▶ **DATA SUPPLIED**:
>>>>>

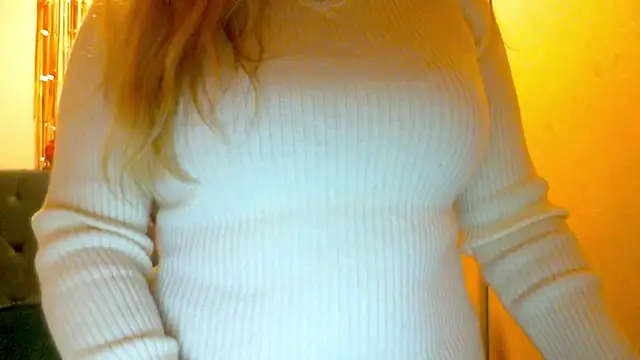 Snapshot of SusanCurt chatting on February 22, 2026, 3:10 pm SusanCurt online show from February 22, 2026, 3:10 pm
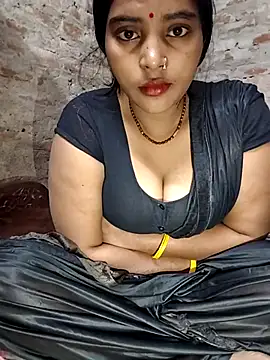 Simrandeshipp online show from 12/04/25, 11:13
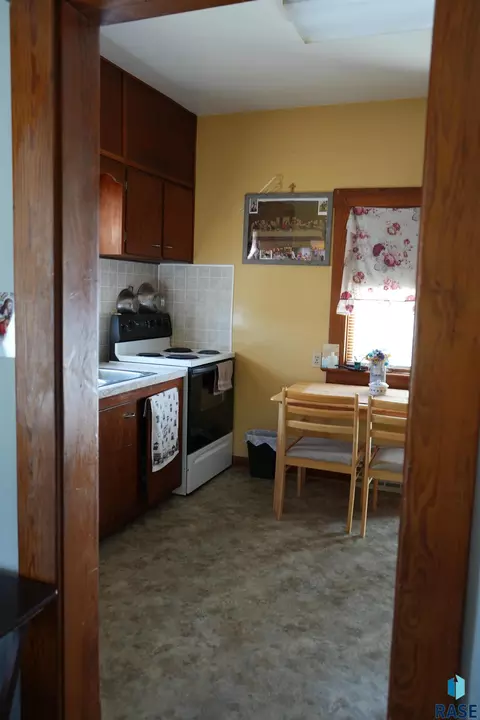 Kitchen - 608 E Maple St, Parkston, SD 57366 photo 2 of 3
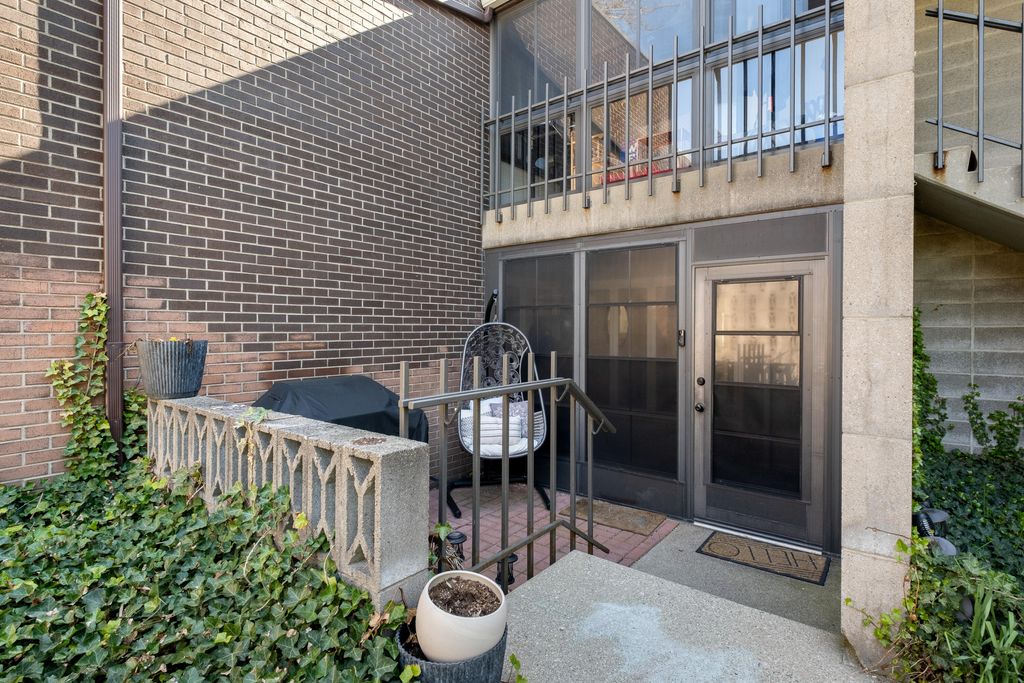 805 S Despelder Street 19, Grand Haven, MI 49417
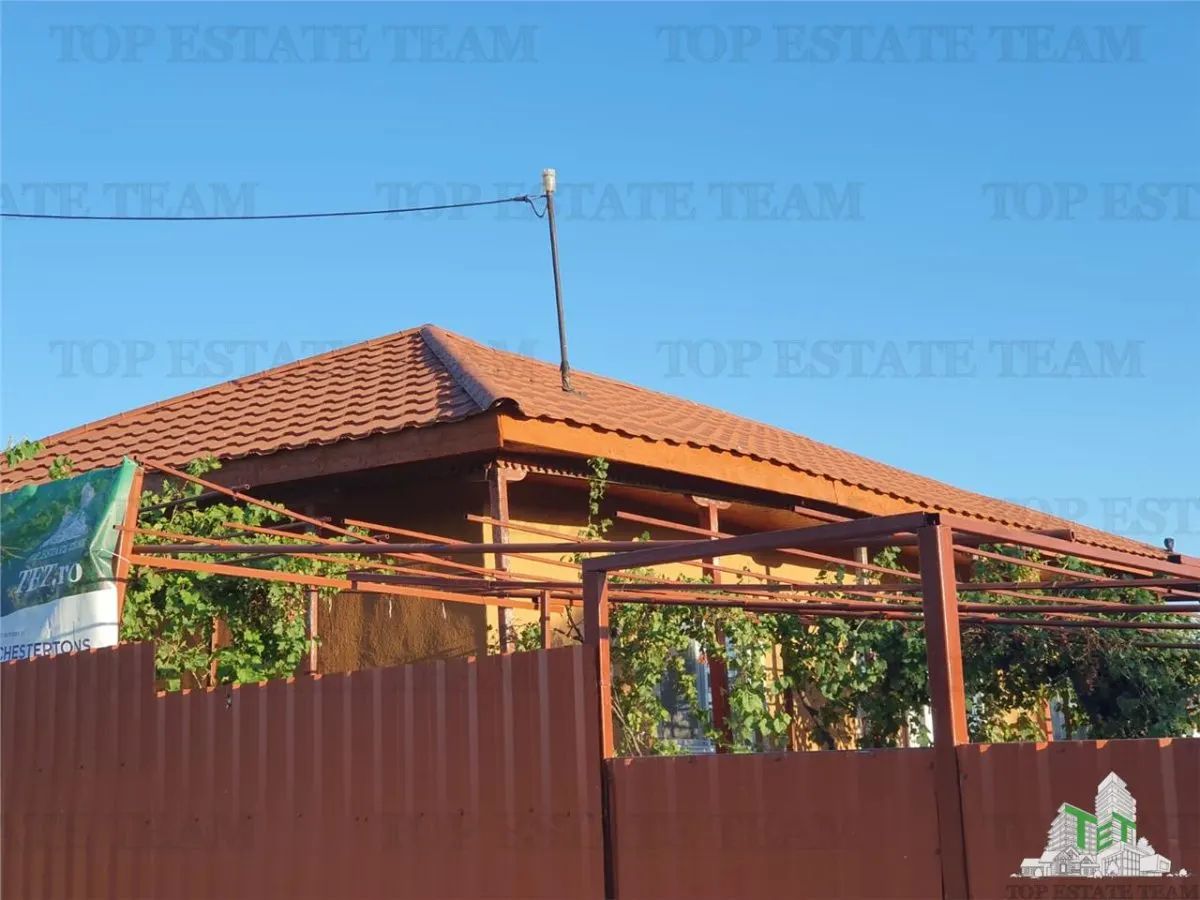 Colt de rai la tara doua case renovate cu baie, livada si vita de vie - foto 1
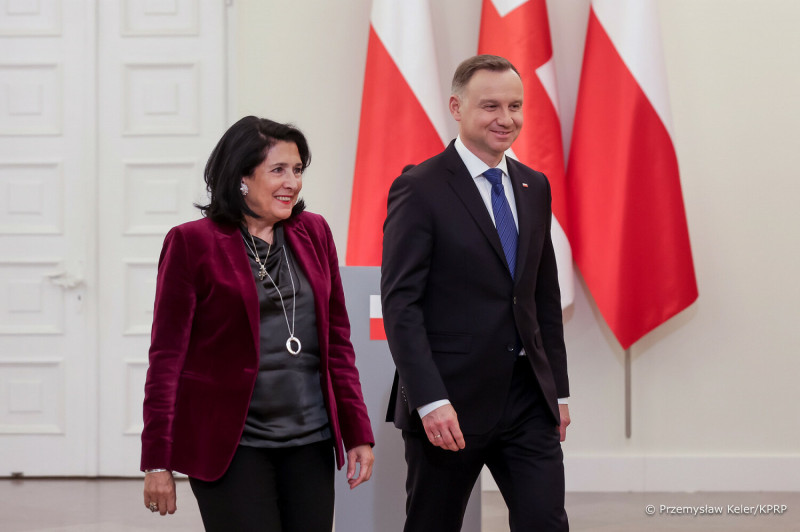 波蘭總統杜達 （Andrzej Duda）訪問喬治亞，會面該國總統薩洛梅·祖拉比什維利（Salome Zourabichvili）。   圖：翻攝自波蘭總統官網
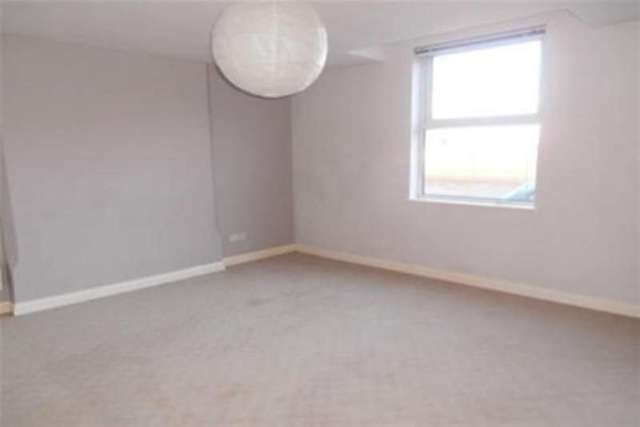 Image of 2 bedroom Flat to rent in Loughborough Road West Bridgford Nottingham NG2 at Nottingham, NG2 7JJ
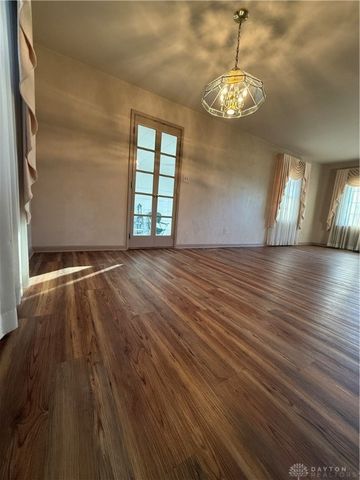 8845 Flick Road, Tipp City, OH 45371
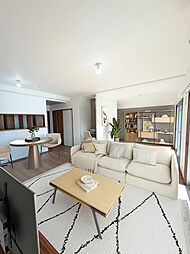 ファスティーナ植田 1402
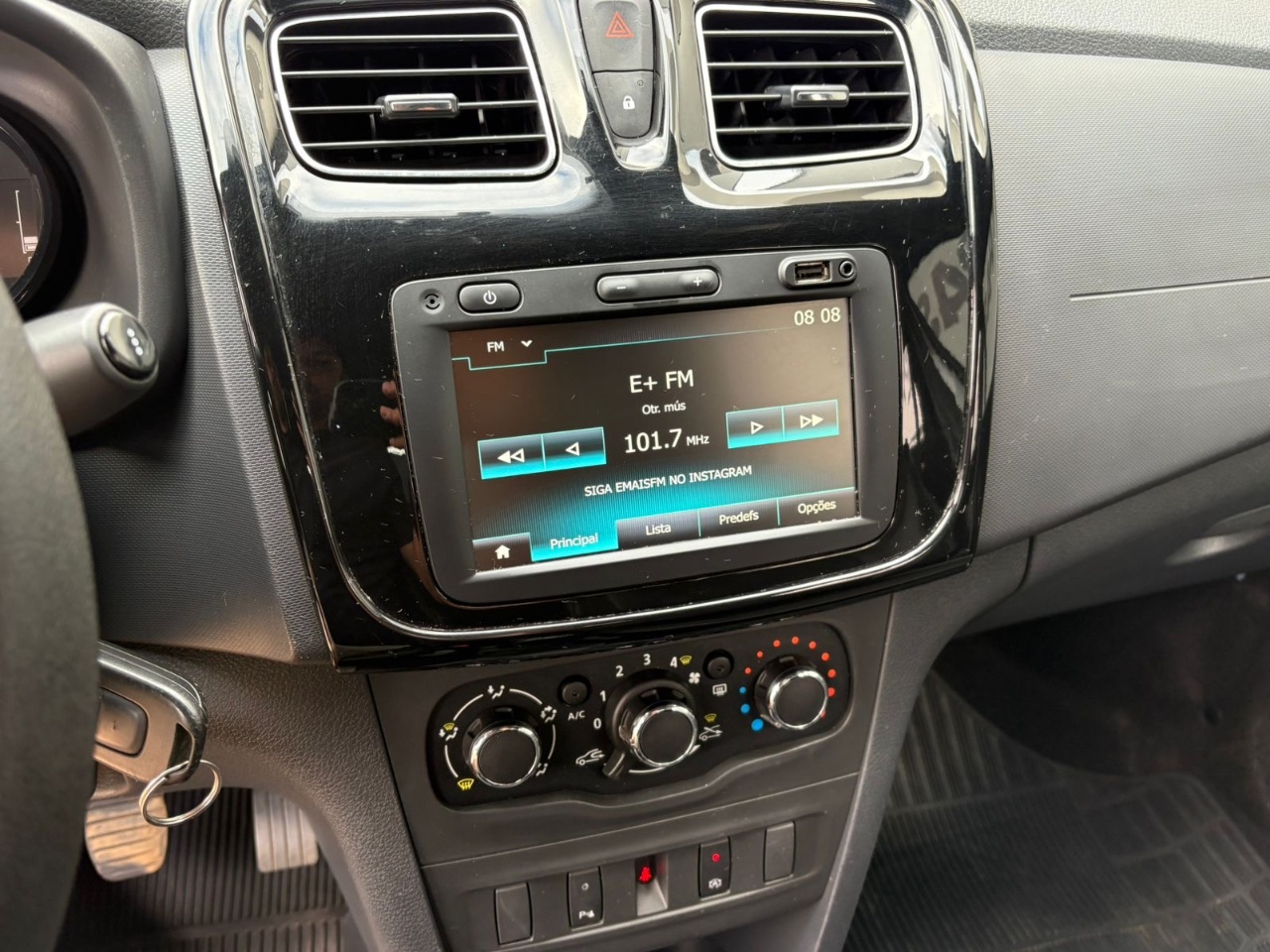 Renault LOGAN Zen Flex 1.0 12V 4p Mec. foto 14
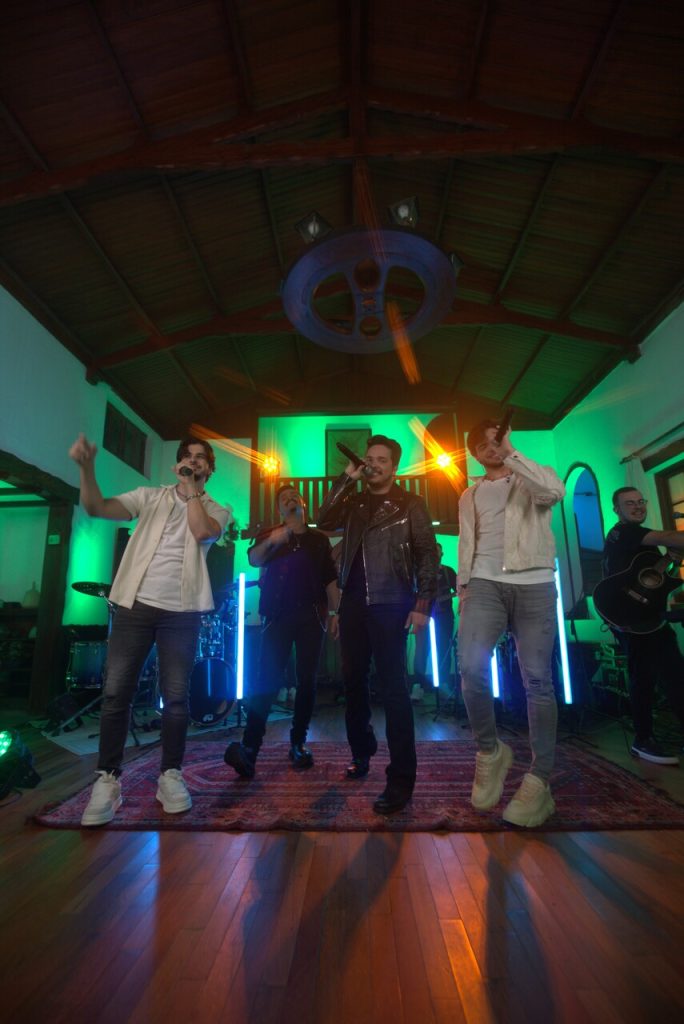 Abel e Benício Abel e Benício lançam o single "Do Final pro Começo" com Kaique e Felipe Abel e Benício Abel e Benício lançam o single "Do Final pro Começo" com Kaique e Felipe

<<<<<

▶ **EXERCISE AIM**: Transcribe the span of lines that runs from the line with "Colt de rai" to the end of the data, both ends included, exactly, with nothing else and no pictures.

▶ **REPLY TO THE TASK**:
 Colt de rai la tara doua case renovate cu baie, livada si vita de vie - foto 1
 波蘭總統杜達 （Andrzej Duda）訪問喬治亞，會面該國總統薩洛梅·祖拉比什維利（Salome Zourabichvili）。   圖：翻攝自波蘭總統官網
 Image of 2 bedroom Flat to rent in Loughborough Road West Bridgford Nottingham NG2 at Nottingham, NG2 7JJ
 8845 Flick Road, Tipp City, OH 45371
 ファスティーナ植田 1402
 Renault LOGAN Zen Flex 1.0 12V 4p Mec. foto 14
 Abel e Benício Abel e Benício lançam o single "Do Final pro Começo" com Kaique e Felipe Abel e Benício Abel e Benício lançam o single "Do Final pro Começo" com Kaique e Felipe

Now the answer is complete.